RUSSIA: The Muzhik & the Commissar

  • Share
  • Read Later

(2 of 10)

New Course. At a time when the Soviet Union spurns negotiation, strains to make superbombs, rejects disarmament, and presents to the outside world a face more brutally intransigent than at any time since the Berlin airlift, the Kremlin's domestic accent on sweets and serviceable footwear may be hard to credit. Yet for all their skepticism, many Western diplomats think that Russia's "New Course" is on the level. They point out that the Soviet Union is now offering to buy butter, meat and TV sets from anyone who will sell them, and that the payment Moscow proposes to the world is gold or strategic minerals.

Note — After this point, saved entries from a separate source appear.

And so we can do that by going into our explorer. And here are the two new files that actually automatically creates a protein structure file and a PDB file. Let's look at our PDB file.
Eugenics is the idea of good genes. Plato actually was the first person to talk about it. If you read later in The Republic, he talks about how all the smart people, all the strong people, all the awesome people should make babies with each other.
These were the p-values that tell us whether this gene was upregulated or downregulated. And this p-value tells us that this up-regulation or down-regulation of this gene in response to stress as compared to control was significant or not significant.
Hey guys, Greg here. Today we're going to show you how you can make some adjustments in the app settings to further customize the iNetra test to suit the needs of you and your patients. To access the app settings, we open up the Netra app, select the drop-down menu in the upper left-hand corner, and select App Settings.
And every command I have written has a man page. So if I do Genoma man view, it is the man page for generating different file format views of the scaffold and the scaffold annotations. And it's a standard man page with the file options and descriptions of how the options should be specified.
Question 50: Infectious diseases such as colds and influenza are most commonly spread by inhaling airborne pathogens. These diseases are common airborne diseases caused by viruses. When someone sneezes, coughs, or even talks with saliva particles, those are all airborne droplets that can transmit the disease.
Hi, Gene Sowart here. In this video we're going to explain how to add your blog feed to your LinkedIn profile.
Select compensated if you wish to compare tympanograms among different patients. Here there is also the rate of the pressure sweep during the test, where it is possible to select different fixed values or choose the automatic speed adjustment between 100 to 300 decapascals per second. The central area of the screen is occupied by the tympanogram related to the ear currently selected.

Equally impressive is the detail and preciseness of the Kremlin's decrees, indicating that the New Course is not a hurried phony to give a propaganda boost to an uncertain new regime, but a well-laid-out scheme that might only have needed Stalin's death to get the go-ahead. The proof is in the preparation: 100,000 words prescribing how many acres must be planted to each crop on every collective farm; sheaves of instructions saying exactly how much steel has been allotted to each factory to fill written orders for bicycles and refrigerators. Such detailed specifications. Western analysts argue, involve millions of people; they cannot be easily countermanded, orally and overnight.

There is no evidence in the decrees—or anywhere else—that the Kremlin wants a letup in the arms race, or that Russia shrinks from permanent cold war. Yet one top U.S. official says that the New Course is "as significant as America's New Deal." The Soviet plans, he says, are "serious and sincere"; their immediate objective ("to raise living standards") is genuine, even though the ultimate goal (to strengthen Russia for war) is predictably cynical. Looking on, Sir Winston Churchi11 concluded optimistically that "internal prosperity, rather than external conquest, is not only the deep desire of the Russian peoples, but also the long-term interest of their rulers." In fact, there is mounting evidence that the Kremlin is subject to economic pressures that it cannot forever ignore.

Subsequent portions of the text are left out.